In [1]:
import torch
from datasets import load_dataset, concatenate_datasets, DatasetDict, ClassLabel
from transformers import AutoTokenizer, Trainer, TrainingArguments, AutoModelForSequenceClassification, BertForSequenceClassification, DataCollatorWithPadding

import math
import numpy as np
import matplotlib.pyplot as plt
import evaluate
import pandas as pd
import scipy


# hyperparameters from https://github.com/clinc/oos-eval/blob/master/hyperparameters.csv
learning_rate = 4.00e-05
warmup_proportion = 0.1
train_batch_size = 32
eval_batch_size = 32
num_train_epochs = 5
gradient_accumulation_steps = 1

huggingface_modelname = "bert-large-uncased"


language = 'en'
data_path = f'data/mtod/csv/{language}/'


dataset = load_dataset(data_path)
dataset = dataset.class_encode_column('labels')
# dataset = load_dataset("mtod", data_files=data_file_names)
dataset_full = concatenate_datasets([dataset["train"], dataset["test"], dataset["validation"]]).shuffle(seed=42)
train_size, cal_size, test_size = .6, .2, .2
train_test_set = dataset_full.train_test_split(train_size=train_size, stratify_by_column='labels', seed=42)
test_val_set = train_test_set["test"].train_test_split(train_size=test_size/(cal_size+test_size), stratify_by_column='labels', seed=42)
dataset = DatasetDict({
    'train': train_test_set['train'],
    'test': test_val_set['train'],
    'validation': test_val_set['test']
})

In [2]:

id2label = {i: name for i, name in enumerate(dataset["train"].features["labels"].names)}
label2id = {name: i for i, name in id2label.items()}

In [3]:
torch.mps.current_allocated_memory()

0

In [4]:
tokenizer = AutoTokenizer.from_pretrained(huggingface_modelname)

def tokenize_function(examples):
    return tokenizer(examples["utterance"], truncation=True)

tokenized_datasets = dataset.map(tokenize_function, batched=True)
data_collator = DataCollatorWithPadding(tokenizer=tokenizer)

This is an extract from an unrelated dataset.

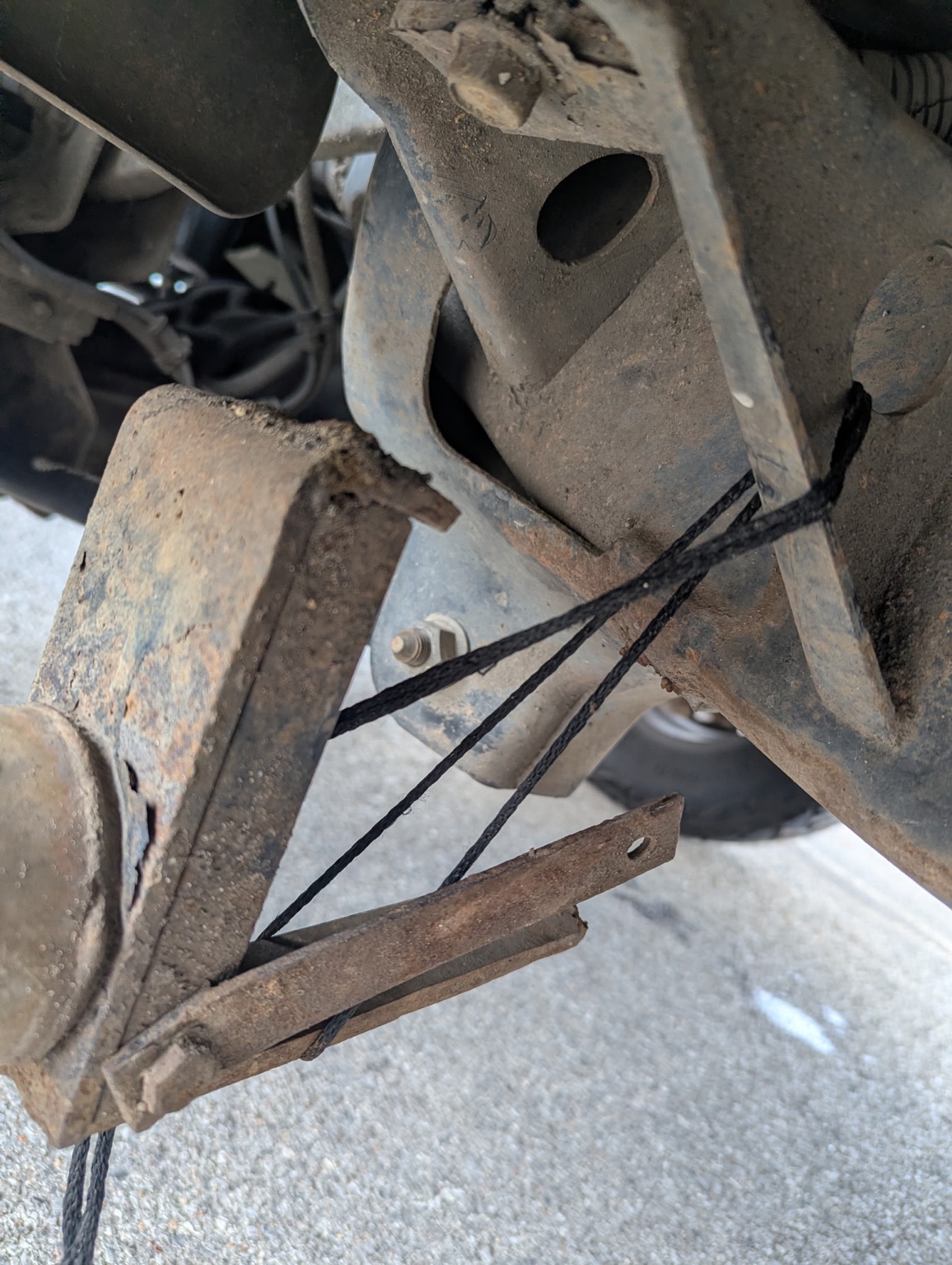 Broken steel truck step before mobile welding repair in Birmingham Alabama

# assert dataset["train"].features["labels"].names == dataset["test"].features["labels"].names 

Map:   0%|          | 0/25993 [00:00<?, ? examples/s]

Map:   0%|          | 0/8665 [00:00<?, ? examples/s]

Map:   0%|          | 0/8665 [00:00<?, ? examples/s]

In [5]:
model = AutoModelForSequenceClassification.from_pretrained(
    huggingface_modelname,
    num_labels=len(id2label),
    id2label=id2label,
    label2id=label2id
    )

Some weights of BertForSequenceClassification were not initialized from the model checkpoint at bert-large-uncased and are newly initialized: ['classifier.bias', 'classifier.weight']
You should probably TRAIN this model on a down-stream task to be able to use it for predictions and inference.


In [6]:
torch.mps.current_allocated_memory(), torch.mps.driver_allocated_memory()

(0, 393216)

In [7]:
id2label

{0: 'cancel_alarm',
 1: 'cancel_reminder',
 2: 'checkSunrise',
 3: 'checkSunset',
 4: 'find',
 5: 'modify_alarm',
 6: 'set_alarm',
 7: 'set_reminder',
 8: 'show_alarms',
 9: 'show_reminders',
 10: 'snooze_alarm',
 11: 'time_left_on_alarm'}

In [8]:
training_args = TrainingArguments(
    output_dir="test_trainer",
    learning_rate=learning_rate,
    num_train_epochs=num_train_epochs,
    per_device_train_batch_size=train_batch_size,
    per_device_eval_batch_size=eval_batch_size,
    weight_decay=0.01,
    evaluation_strategy="epoch",
    save_strategy="epoch",
    gradient_accumulation_steps=gradient_accumulation_steps,
    load_best_model_at_end=True,
    )

In [9]:
metric = evaluate.load("accuracy")

In [10]:
def compute_metrics(eval_pred):
    logits, labels = eval_pred
    predictions = np.argmax(logits, axis=-1)
    return metric.compute(predictions=predictions, references=labels)

In [11]:
trainer = Trainer(
    model=model,
    args=training_args,
    train_dataset=tokenized_datasets["train"],
    eval_dataset=tokenized_datasets["validation"],
    tokenizer=tokenizer,
    data_collator=data_collator,
    compute_metrics=compute_metrics,
)

In [12]:
trainer.train()

  0%|          | 0/4065 [00:00<?, ?it/s]

You're using a BertTokenizerFast tokenizer. Please note that with a fast tokenizer, using the `__call__` method is faster than using a method to encode the text followed by a call to the `pad` method to get a padded encoding.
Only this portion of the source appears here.